Nel 2009, dopo il terremoto che lasciò senza casa quasi 80mila persone, quando ancora non avevamo finito di piangere, c'era chi già pensava a soldi, emendamenti e…azzardo. Che cosa accadde? Accadde una cosa molto semplice, chiara oggi a tutti gli italiani, ma già allora chiarissima agli speculatori, agli avvoltoi e a certi loro spalleggiatori che ieri come oggi si aggirano all'ombra dei ministeri: si prese una tragedia e, con la scusa di reperire fondi per porre rimedio ai danni di quella tragedia, si fecero affari. Sporchi affari. Con il Decreto Abruzzo, per la ricostruzione, si introdussero in tutto il territorio nazionale quelle spietate e devastanti macchinette per il gioco d'azzardo tristemente note con il nome di VLT.
Conseguenze? La prima, semplice: a distanza di anni, non un euro di quelli che dovevano arrivare con le licenze per quelle famigerate macchinette è andato alla ricostruzione. Ma questo era facile prevederlo. La seconda, meno semplice da ricordare: quelle macchinette sono rimaste continuano a mangiarsi vite. Anche in Abruzzo, anche all'Aquila dove oggi, tra città e provincia, ci sono 13,2 macchinette da azzardo ogni mille abitanti e 32,8 ogni dieci chilometri quadrati. E a l'Aquila siamo arrivati a un incremento del 72,3% di spesa e sperpero in questa forma di droga di massa.

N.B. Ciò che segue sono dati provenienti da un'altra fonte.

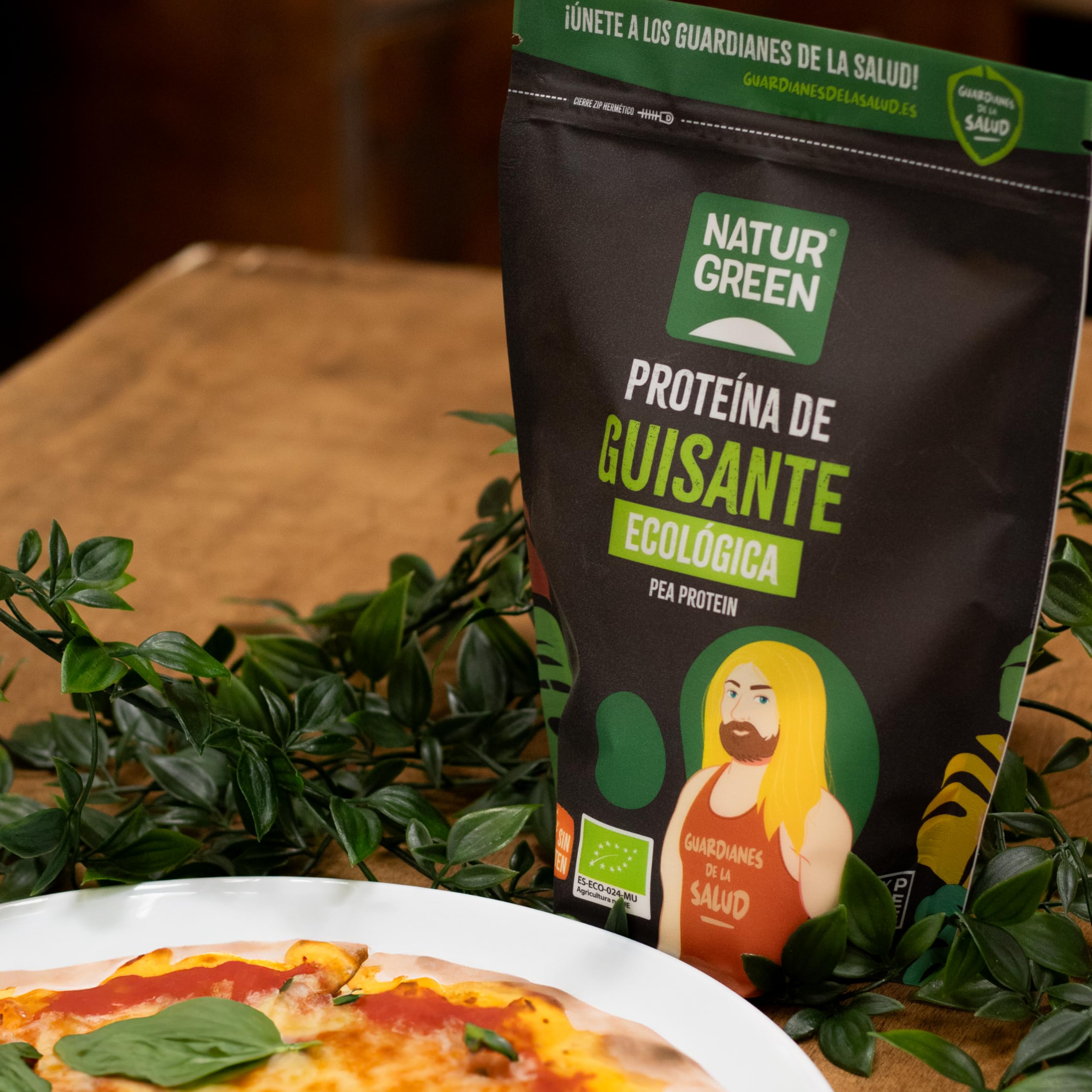 NaturGreen - Proteína de Guisante BIO, Concentrado de Proteína Ecológica, Superalimento, Polvo de Proteínas y Aminoácidos, 100% Vegano - Pack 10 Unidades de 400 g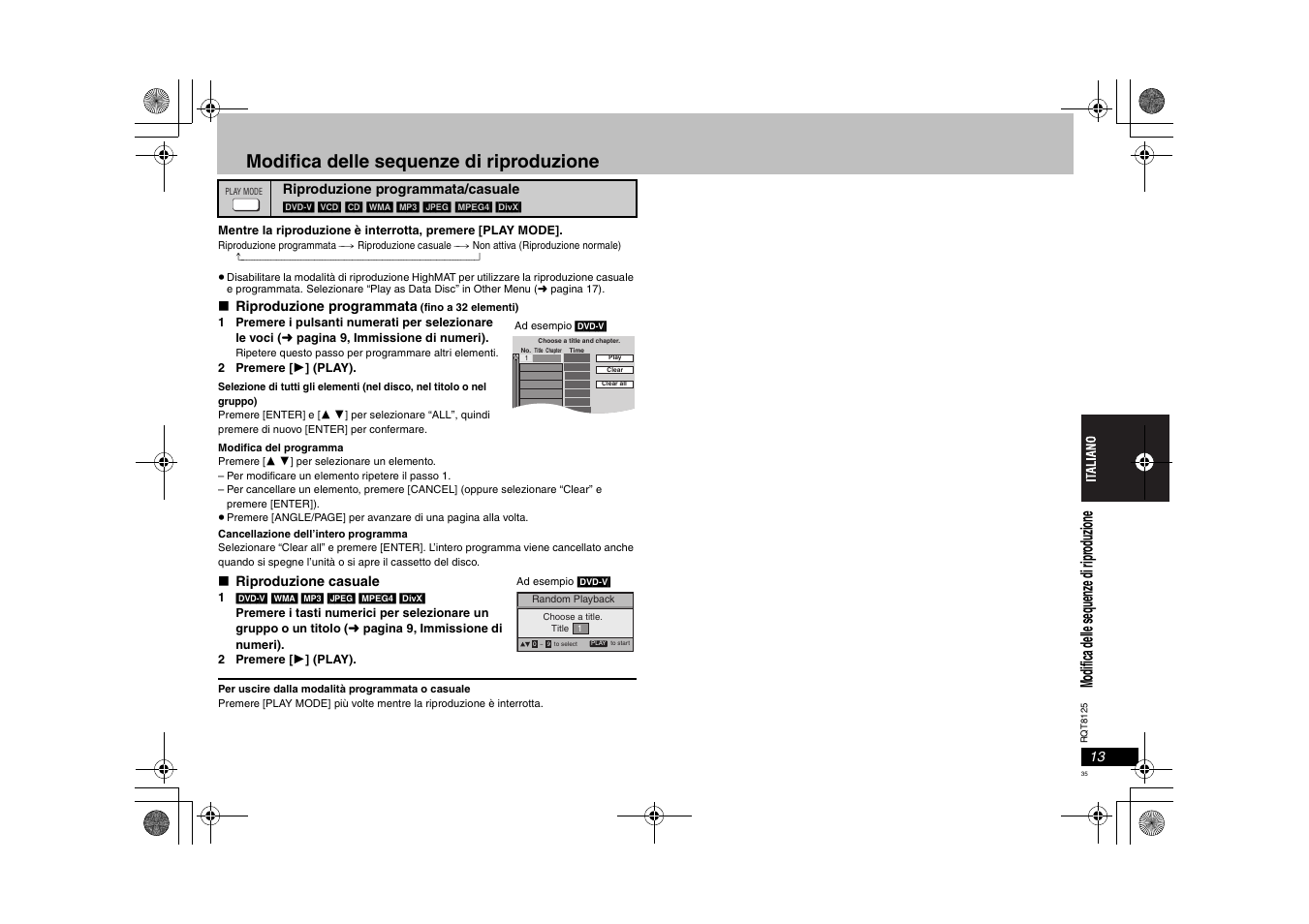 Modifica delle sequenze di riproduzione, Modi fica del le seq uenze di ri pr odu zio ne | Panasonic DVDS295 User Manual | Page 35 / 68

Un film già vecchio che qualcuno, per interposta persona, vorrebbe riaccreditare proprio ora. Ma, si sa, sciacalli e jene si presentano puntuali a ogni tragedia. Magari proponendo «giocate speciali» o «donazioni» tramite gli stessi terminali di gioco che indebitano migliaia di persone. Sanno come si fa, sanno come si corrompono cose e parole. D'altronde, è il loro mestiere. Prendiamo un dato, caro Presidente: dal Decreto Abruzzo del 2009 che prevedeva "Interventi a favore delle popolazioni colpite" e ha dato il via libera all'invasione delle videolotteries, noi sappiamo che, oggi, ogni abruzzese butta in un anno la cifra di 2.100 euro. Terribile. Chi finirebbe per finanziarla questa "ricostruzione" tramite azzardo? Ovviamente, i tartassati dalla tassa occulta dell'azzardo, come ci ha spiegato il professor Luigino Bruni che, sia detto per inciso, ha vissuto direttamente il dramma del terremoto di due giorni fa.
Amatrice, 24 agosto 2016
Immagine di Filippo Monteforte/AFP/Getty Images
In queste ore ci sarà chi ti suggerisce, chi dà consigli, chi insiste. Chi ti spiega che per "reperire" risorse questa è la strada. Un film già visto dalle parti di quel Ministero che ben conosciamo.
Non dobbiamo permettere che anche un solo centesimo di questo sporco business macchi la reazione solidale, la comunità di destino fiera e libera che ha saputo manifestarsi in queste ore. Ci rimboccheremo le maniche, troveremo il modo, sapremo dire "sì". Ma non mancheremo mai di rispetto a chi non c'è più e a chi è rimasto. Gli staremo accanto, senza mezze misure. Dobbiamo evitare che forze oscure ci ricaccino in un passato di affarismo e piccolo cabotaggio che questo nostro Paese non merita e non ha mai meritato.
Hai detto ieri, in conferenza stampa, mentre ti chiedevano di numeri, ricostruzioni, colpe e colpevoli, che era un'altra la strada e le storie di chi se ne è andato e di chi è rimasto meritano di essere rispettate e raccontate. Le loro relazioni, le loro vite, le nostre relazioni, le nostre vite non sono numeri. Sono vite, appunto. Davanti a queste vite abbiamo un dovere chiaro, preciso, sacro: non farli passare, ricacciarli indietro. Iniziare su un'altra strada. Si può fare, lo puoi fare. Lo possiamo fare. Davvero.